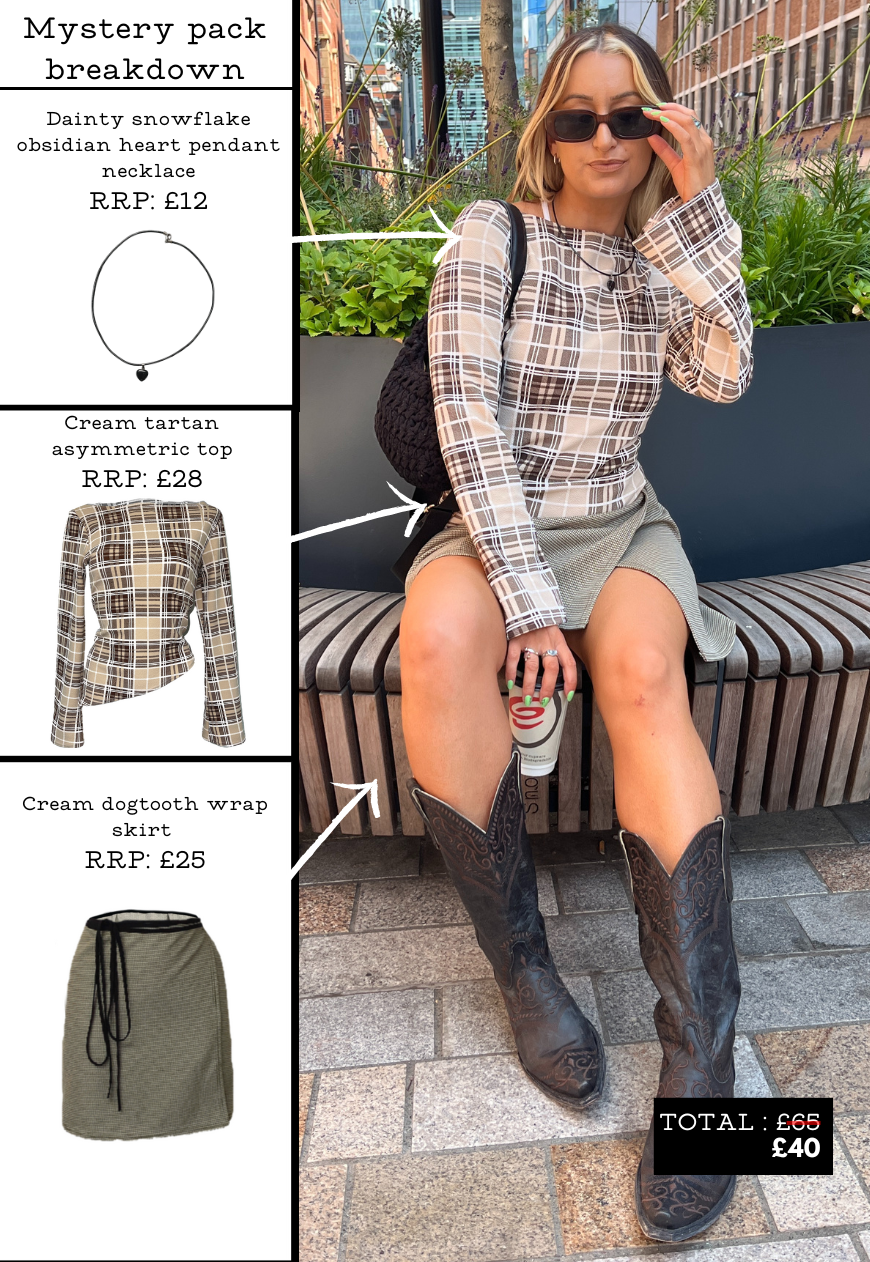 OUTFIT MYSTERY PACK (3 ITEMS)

==

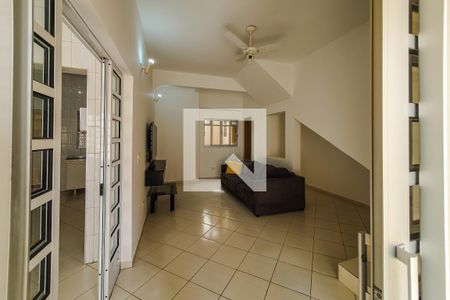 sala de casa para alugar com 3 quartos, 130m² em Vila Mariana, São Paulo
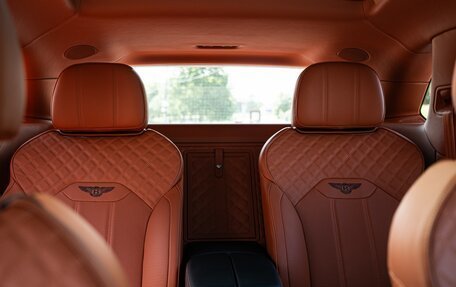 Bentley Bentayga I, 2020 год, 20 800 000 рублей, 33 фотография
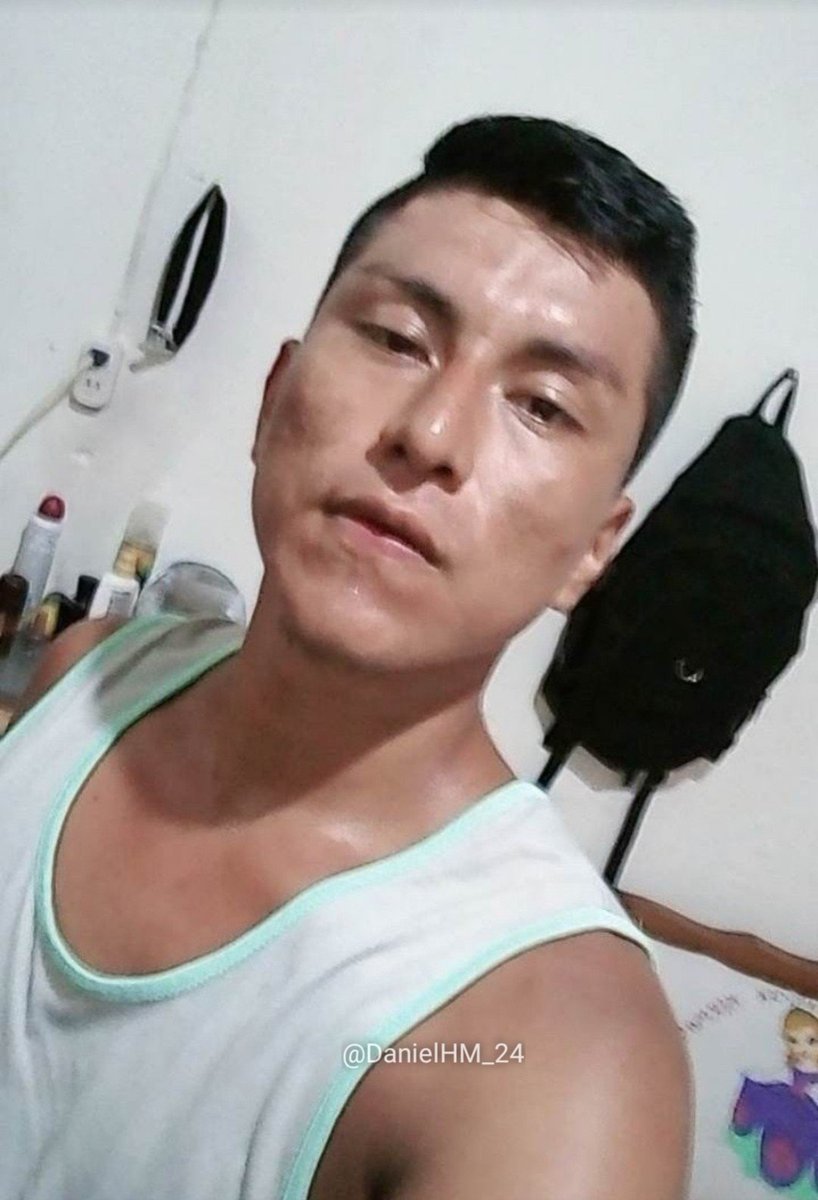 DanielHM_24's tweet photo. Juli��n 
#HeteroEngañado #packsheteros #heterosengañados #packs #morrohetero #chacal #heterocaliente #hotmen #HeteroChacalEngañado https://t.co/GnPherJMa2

---

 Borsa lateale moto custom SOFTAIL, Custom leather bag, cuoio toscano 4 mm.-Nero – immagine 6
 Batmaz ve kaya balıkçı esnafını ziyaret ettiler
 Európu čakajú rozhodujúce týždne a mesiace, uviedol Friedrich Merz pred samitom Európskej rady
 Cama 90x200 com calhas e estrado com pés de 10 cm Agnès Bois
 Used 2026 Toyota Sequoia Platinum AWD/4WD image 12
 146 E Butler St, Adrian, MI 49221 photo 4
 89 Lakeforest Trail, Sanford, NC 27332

:: Your assignment ::
From the material above, give again exactly the lines from the one that contains "sala de casa" through the one that contains "#HeteroEngañado #packsheteros #heterosengañados", and leave out the pictures.

:: Your response ::
 sala de casa para alugar com 3 quartos, 130m² em Vila Mariana, São Paulo
 Bentley Bentayga I, 2020 год, 20 800 000 рублей, 33 фотография
 DanielHM_24's tweet photo. Juli��n 
#HeteroEngañado #packsheteros #heterosengañados #packs #morrohetero #chacal #heterocaliente #hotmen #HeteroChacalEngañado https://t.co/GnPherJMa2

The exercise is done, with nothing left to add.